スペースフレーム構造を採用することで、新しいThinkPad X1シリーズはメンテナンス性が大きく改善した。
筆者は1990年代から2000年代にかけて、ThinkPadをかなりヘビーに使っていた。使い方が使い方だけに、故障や部品の脱落はしょっちゅうあったのだが、ThinkPadの素早い修理サポートや部品入手の容易さにはかなり助けられた記憶がある。こうしたメンテナンス性の高さは、ThinkPadの大きな特徴の1つであった。
一方で、近年のスリム化への要望やトレンドの変化の中で、その特徴であるメンテナンス性が損なわれてしまった面もある。特にThinkPad X1シリーズは「CRU(Customer Replaceable Units)」と呼ばれるユーザー交換可能な部品が他のThinkPadと比べると少なく、他のThinkPadなら部品を取り寄せ自分で交換できるところ、X1シリーズだと修理拠点に送るか、オンサイト修理を依頼しなければならなかった。
だが今回、塚本氏が「ThinkPadの真髄に戻った」とコメントしているように、新しいThinkPad X1シリーズでは、メンテナンス性が大きく向上している。
例えば先述の「他のThinkPadなら自分で交換できるのに……」というパーツの象徴だったキーボードユニットの交換を簡単に行えるようになった。これはスペースフレーム構造によって、ボディーが底面カバーとキーボードユニットによる「サンドイッチ構造」となったことが大きく貢献している。底面カバーとキーボードユニットはネジを数本外すだけで着脱可能で、バッテリーやキーボードを容易に交換できる。

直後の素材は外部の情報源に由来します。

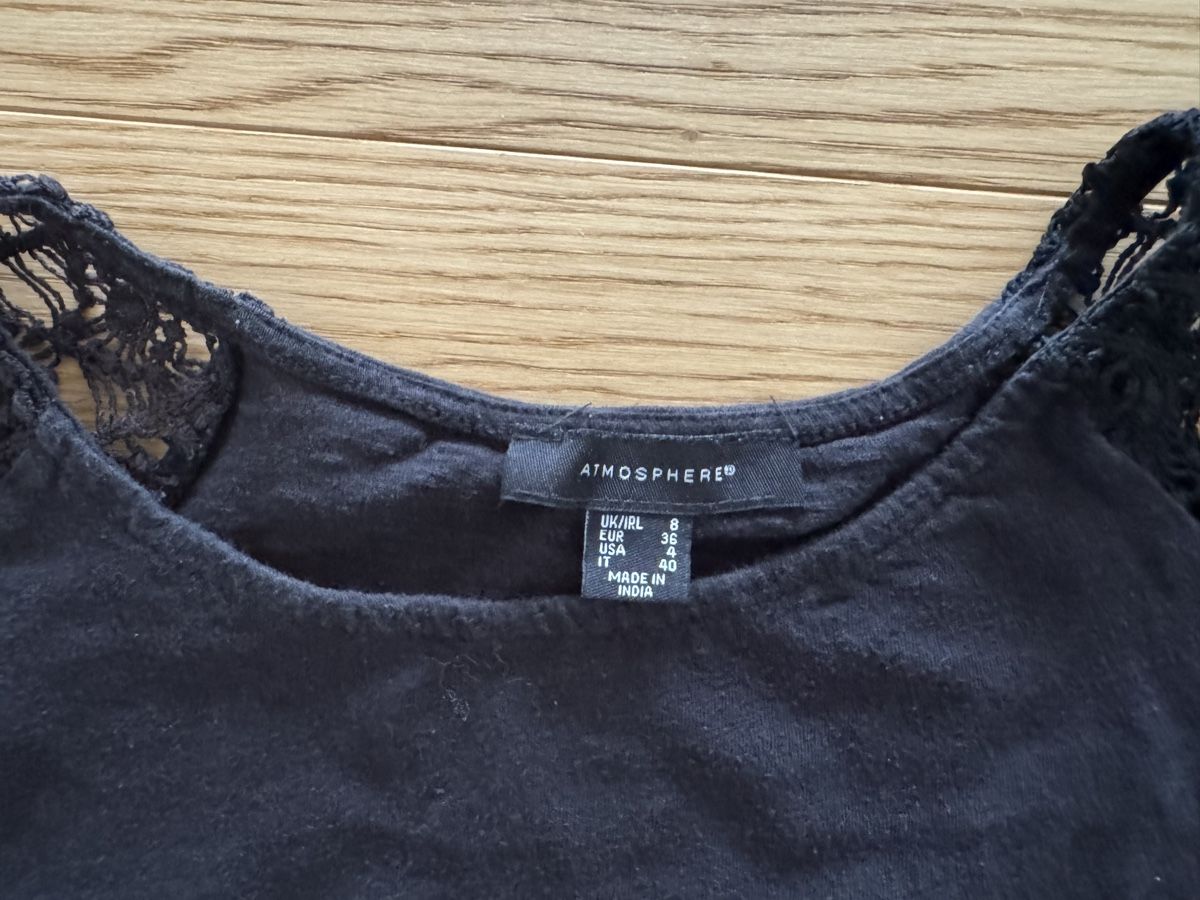 Top: Schwarzes Shirt mit Spitzenärmeln Grösse S – Usato da Hergiswil NW venduto da Labello01 2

またキーボードについては、従来は1つのキーが破損すると全体を交換しなければならなかったが、新しいThinkPad X1シリーズではツールを使うことで特定のキーキャップのみ交換できる設計とした。
ThinkPadのキーボードは複数のサプライヤー(メーカー)から供給されているが、塚本氏によるとサプライヤーごとに異なっていたキートップ下のパンタグラフやスイッチの構造を、今回はLenovo独自のキー構造を全サプライヤーに採用してもらって共通化し、サプライヤーを問わず同じキートップを使えるようになったことで、キー単位での交換を実現したという。
キー単位での交換は、特に日本で要望が多かった仕組みだという。修理コストの削減と廃棄物の抑制というサステナビリティーの観点からもメリットがあり、新たな特徴としてアピールしている。
なお、交換可能なのはキーボードやバッテリーのみならず、着脱の繰り返しで壊れやすいUSB Type-Cポートを始めとするI/Oポート群もその対象であり、ボディーへの再生素材の活用と合わせ、製品を長く大事に使いたいというニーズに応えている。